Durante la adolescencia, su piel fue machacada por el acné vulgaris, que le provocó las cicatrices que conformaban su emblemática cara angulosa. En La senda del perdedor, publicada en 1982, revela que no quiso participar en el baile de su promoción porque las costras lo habían desfigurado y su aspecto le avergonzaba. Desde esa época ya trabajaba en varios oficios, desde lavaplatos hasta “trapito”, y aunque su intención era estudiar periodismo, nunca llegaría a graduarse y comenzaría a llevar una vida entregada al alcoholismo, como si un puñal hubiera clavado para siempre su destino.

“Me gustan los hombres desesperados, hombres con los dientes rotos y los destinos rotos. También me gustan las mujeres viles, las perras borrachas, con las medias caídas y arrugadas y las caras pringosas de maquillaje barato. Me gustan más los pervertidos que los santos. Me en­cuentro bien entre marginados porque soy un marginado. No me gusta ser modelado por la sociedad”, así se autodefinió alguna vez Bukowski. Un escritor antisistema del mundillo académico, pero con un poder de seducción tan inabarcable como la mirada del sol.

Publicó alrededor de 50 títulos, dato llamativo si se piensa que empezó a editar después de los 50 años: cientos de cuentos, reunidos bajos los títulos de La máquina de follar, Se busca mujer, Escritos de un viejo indecente; varias novelas, entre las que se destacan Factótum, Cartero, Mujeres; y un sinfín de poemas que le permitieron dar recitales por todo Estados Unidos durante muchos años.
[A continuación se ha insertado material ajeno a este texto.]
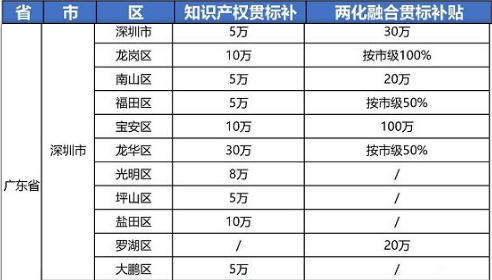 2021年最新廣東省深圳市“知識產權貫標”獎勵政策!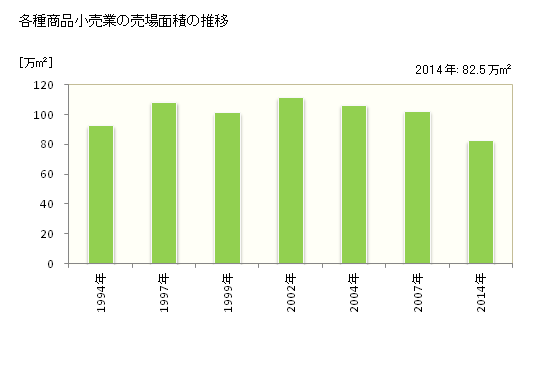 グラフ 年次 兵庫県の各種商品小売業の状況 各種商品小売業の売場面積の推移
En 1987 se estrenó Mariposas en la noche, una película dirigida por Barbet Schroeder que, en vez de adaptar una de las obras del escritor, como sucede normalmente en el cine, se basó en su propia vida, partiendo del personaje de Henry Chinaski (alter ego del autor), encarnado por Mickey Rourke. Antes del rodaje, Schroeder, confeso admirador de Bukowski, lo convocó para que interviniese como guionista, y el resultado fue una pieza de cine imborrable, que recreó la esencia de este escritor que azotó la literatura como un huracán y vivió cada instante como el último.

“El riesgo de volverse rico”

Comparado a veces con Ernest Hemingway por el rigor de su estilo, y con Celine y Henry Miller por sus preferencias temáticas, alguna vez le preguntaron por qué siendo tan buenos sus libros no salían de las editoriales marginales como Black Sparrow o City Lights: “No me gustan las ediciones millonarias. Pueden dar mucho dinero y uno corre el riesgo de volverse rico. Detesto a los ricos. Y me mantengo leal a Black Sparrow. Cuando yo andaba muerto de hambre, ellos me pagaron cien dólares por una serie de relatos y además los publicaron”.

Como pocos, Charles Bukowski vivió una comunión estrecha y dinámica entre lo que escribía y lo que la vida le iba deparando en cada esquina. De igual modo que la temprana aparición de su alcoholismo, sus libros son el reflejo de un consumo frenético: si se los lee una vez, se adquiere el vicio de no dejar de perseguirlos nunca.